Entries supplied =>

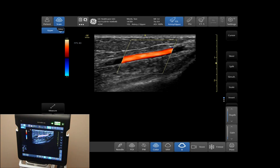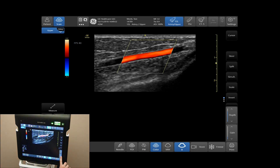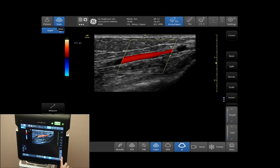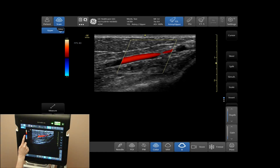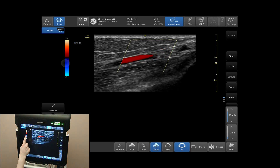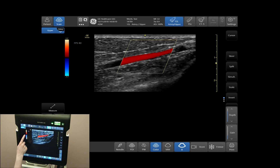To adjust your color gain, use your color gain sidebar to increase and decrease your color gain. You can also do this by using your finger and dragging up and down. This will increase and decrease your color gain as well.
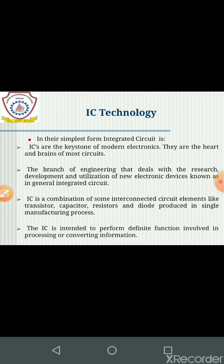Before starting IC technology, the concept of IC was first introduced in the 1950s. An integrated circuit can also be called a microchip and is basically a collection of some discrete circuits on a single small chip that is made of a semiconductor material like silicon.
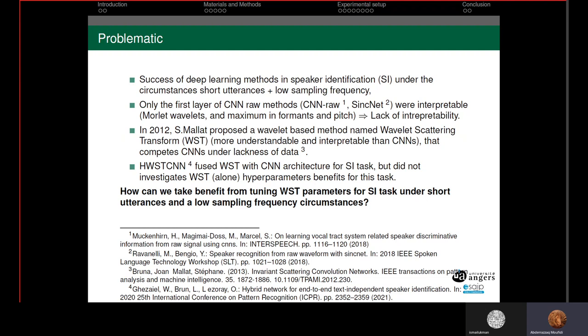A hybrid Wavelet Scattering Transform Convolutional Network has used this transform with CNN for speaker identification tasks, but did not investigate the hyperparameters of Wavelet Scattering Transform and their benefits in the task of speaker identification. So the problematic is: how can we take benefits from tuning Wavelet Scattering Transform parameters for speaker identification tasks under short utterances and low sampling frequency circumstances?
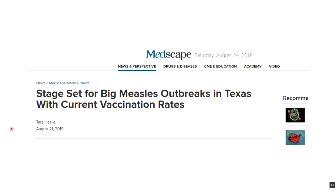The result of this conspiracy theory spreading is real: there have been measles outbreaks, including one in Texas in August, and someone with measles appeared at Disney World — putting unvaccinated visitors at risk of contracting the disease.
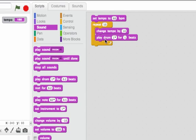Every time we played the drum, we played it for one beat, but the tempo was changing how long each of those beats were. So it sounded like it was going faster and faster.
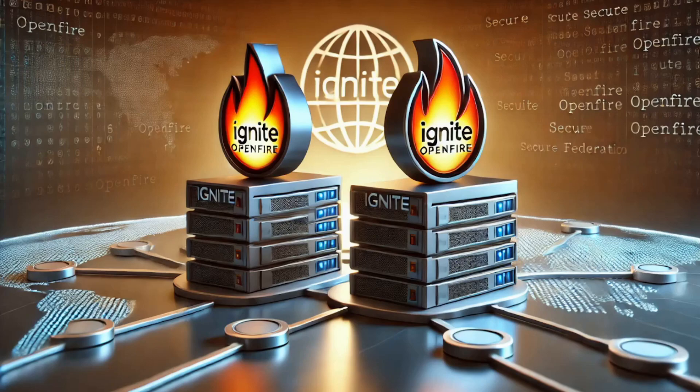What's going on guys and welcome back to another one of my tutorial videos. Today I'm going to be going over step by step how to federate two OpenFire chat servers.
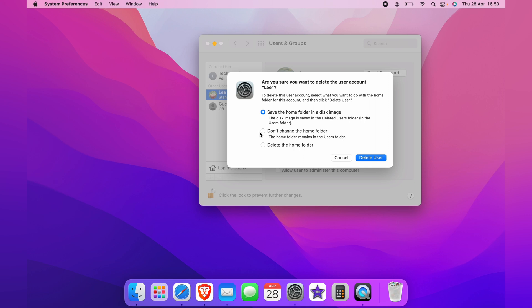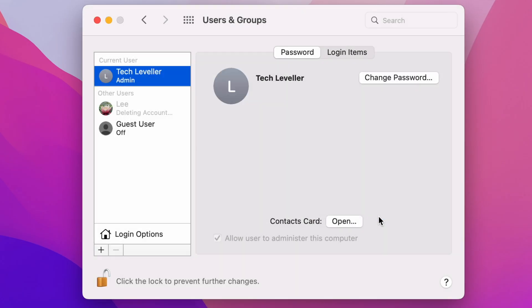Once you've selected your choice, in my case delete from home folder, you then select delete user. And as you can see on the left, the user account we've selected to delete says deleting account. This can take a couple of minutes depending on how quick your Mac is.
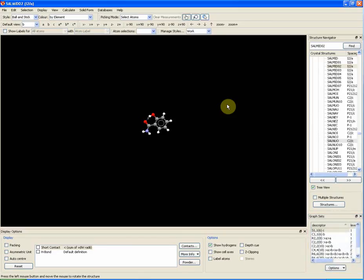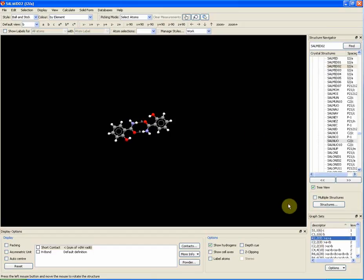The example that we are looking at is the compound salicylamide. An example of a hydrogen bonding graph set we can see in this example is the 2-atom ring, represented by the R2 in the graph set box.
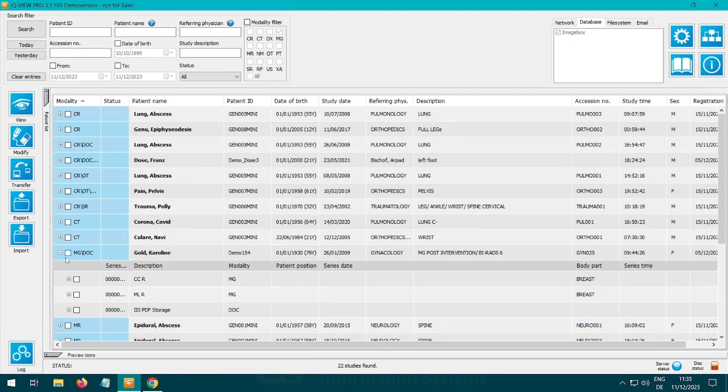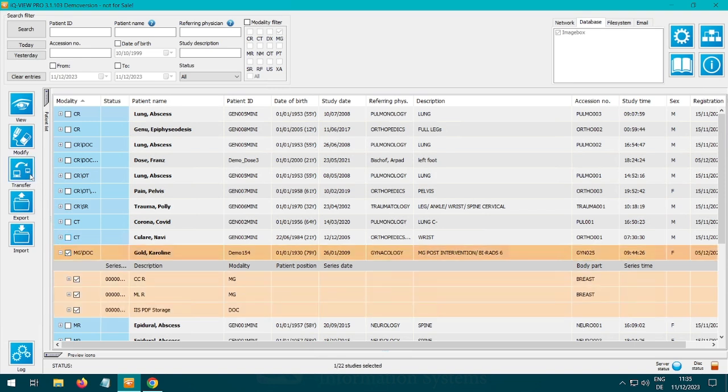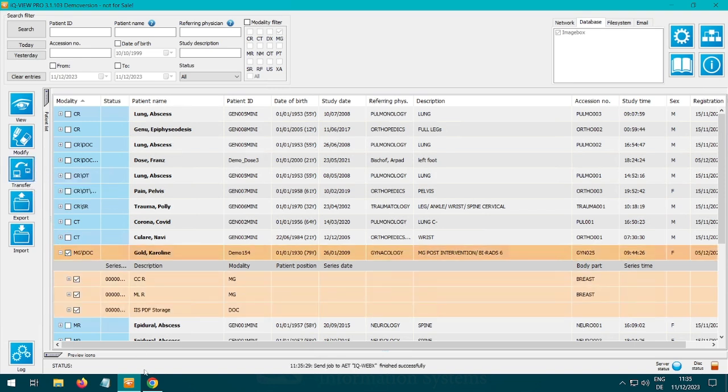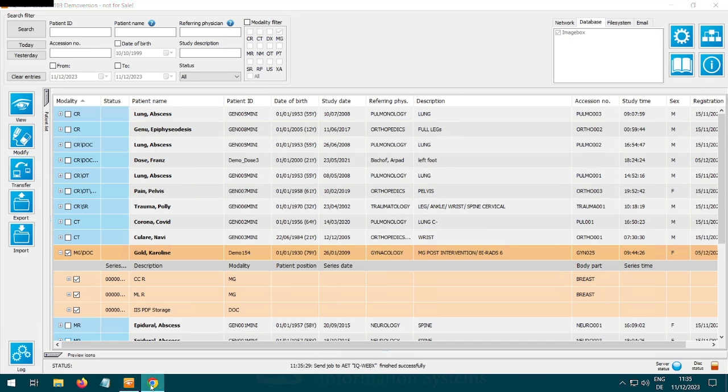If you now click on the small plus next to the study you will see the PDF. Now you can use the transfer button to send the study to the IQweb.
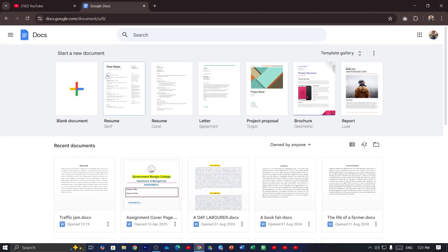Now you cannot find any dark mode option on Google Docs. To enable dark mode you have to add an extension.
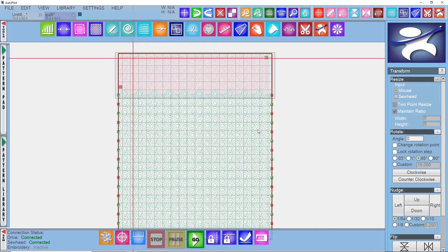Hello and welcome back to another video. Today we will be talking about how to advance your edge to edge quilt, specifically with the realign tool. This is a follow-up to last week's how to create an edge to edge video, so if you haven't watched that yet be sure to go check it out.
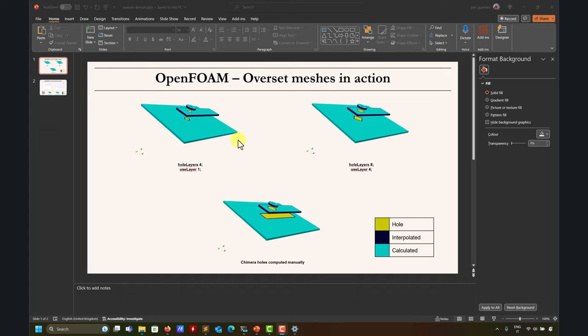A new option was introduced in OpenFOAM 2212, and this option permits you to get a much better chimera hole using the 'whole layers' and 'use layer' options, which we talked about in previous videos. We also saw that Ansys Fluent gives more flexibility and computes something like this which is not possible to compute with OpenFOAM using the default option.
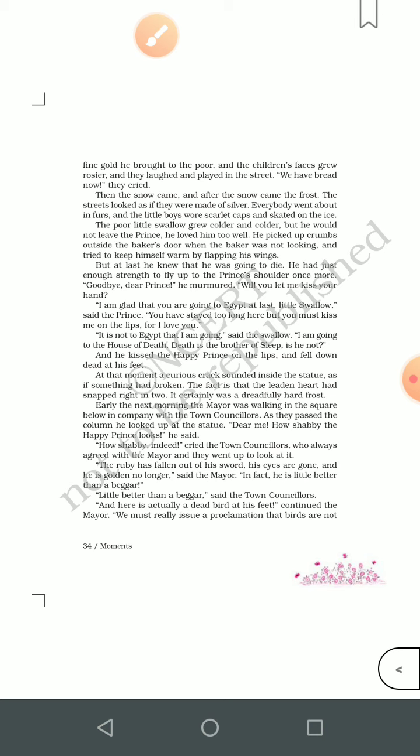The swallow went to the bakery door to pick up crumbs and tried to keep himself warm by flapping his wings. But at last he knew he was going to die — his body could not bear the cold. He had just enough strength to fly up to the prince's shoulder one more time. Before dying he wanted to see the Happy Prince, so he went to meet the prince to say goodbye.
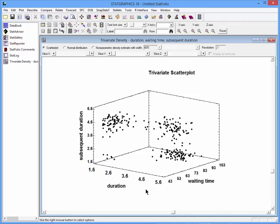On the other hand, if the duration of the eruption is relatively long, then it tends to be a long time until the next eruption occurs, and that eruption is almost equally likely to be either a long one or a short one.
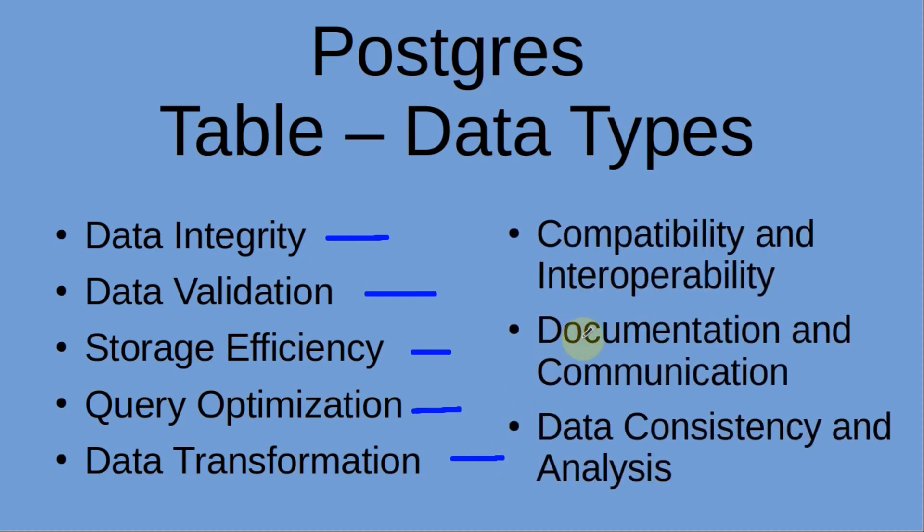The next set is compatibility and interoperability. Utilizing standard data types ensures compatibility and interoperability with other systems and applications. Postgres supports a wide range of standard data types that are commonly used across different database systems.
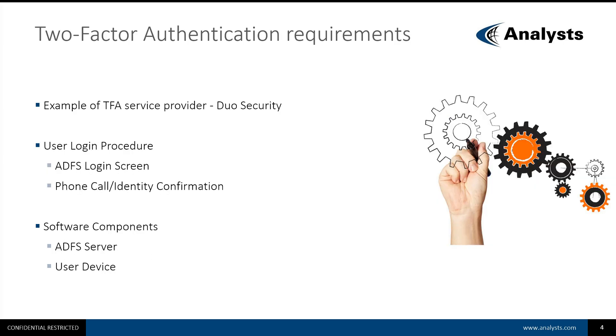In this video, I will demonstrate Two-Factor Authentication with one of the popular Two-Factor Authentication service providers, Duo Security.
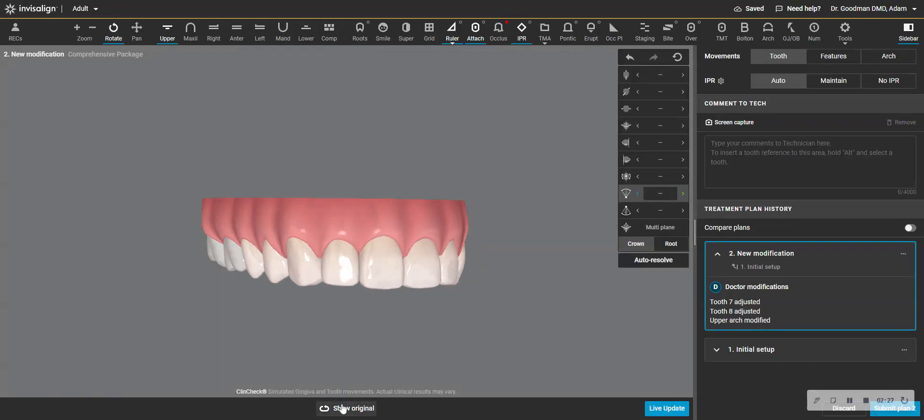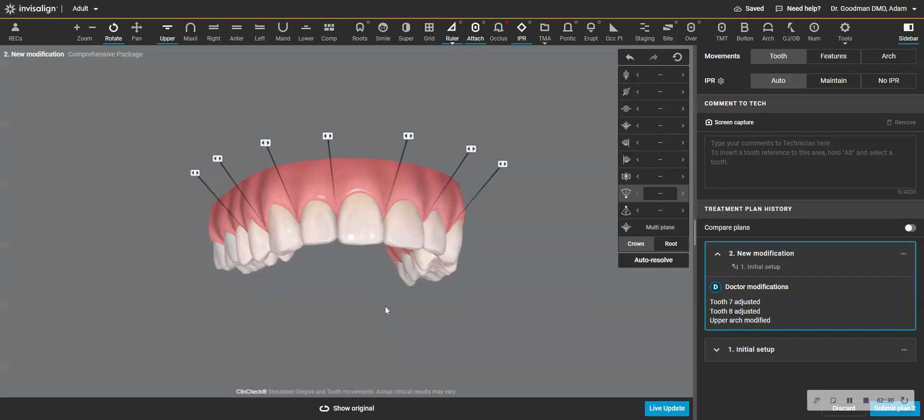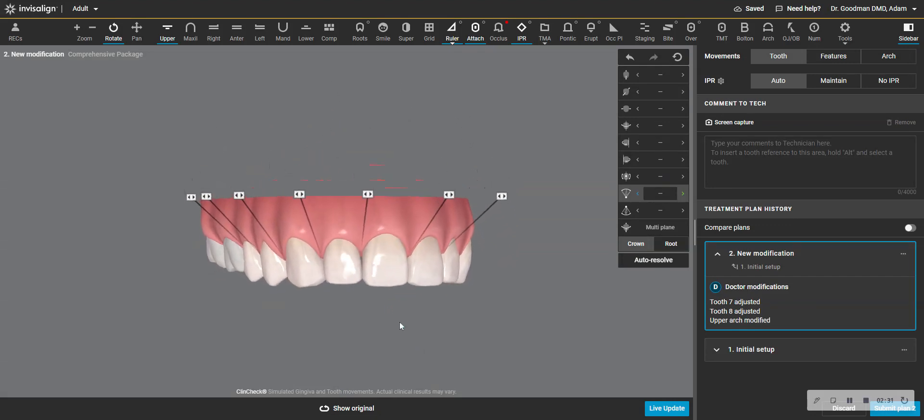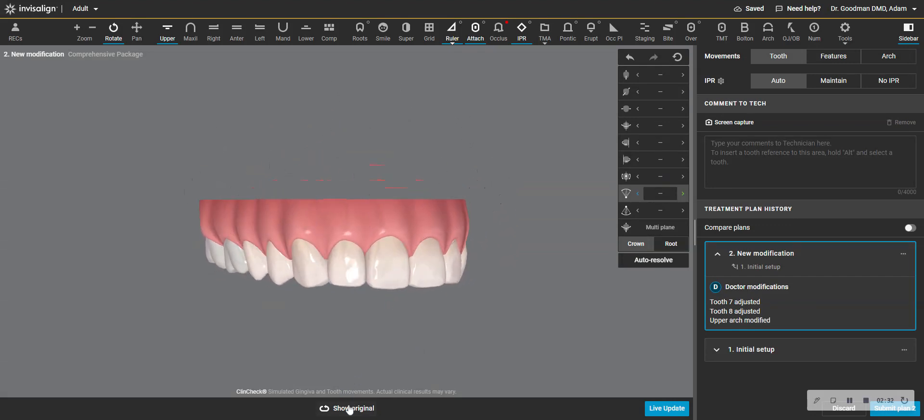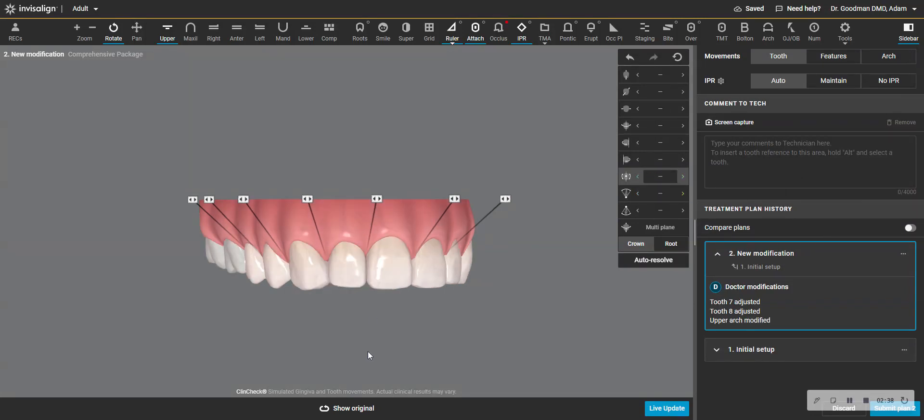So that's how the tooth is. That's how it's ending up. But I don't want the dark triangle and I'm fine leaving that root like it is. So I take this, go here, keep it the way it is.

Task details => For the data above, set down exactly the lines from the line with "The example that" to the line with "A new option", both included, leaving pictures out.

Response =>
The example that we are looking at is the compound salicylamide. An example of a hydrogen bonding graph set we can see in this example is the 2-atom ring, represented by the R2 in the graph set box.
If you now click on the small plus next to the study you will see the PDF. Now you can use the transfer button to send the study to the IQweb.
Now you cannot find any dark mode option on Google Docs. To enable dark mode you have to add an extension.
Hello and welcome back to another video. Today we will be talking about how to advance your edge to edge quilt, specifically with the realign tool. This is a follow-up to last week's how to create an edge to edge video, so if you haven't watched that yet be sure to go check it out.
A new option was introduced in OpenFOAM 2212, and this option permits you to get a much better chimera hole using the 'whole layers' and 'use layer' options, which we talked about in previous videos. We also saw that Ansys Fluent gives more flexibility and computes something like this which is not possible to compute with OpenFOAM using the default option.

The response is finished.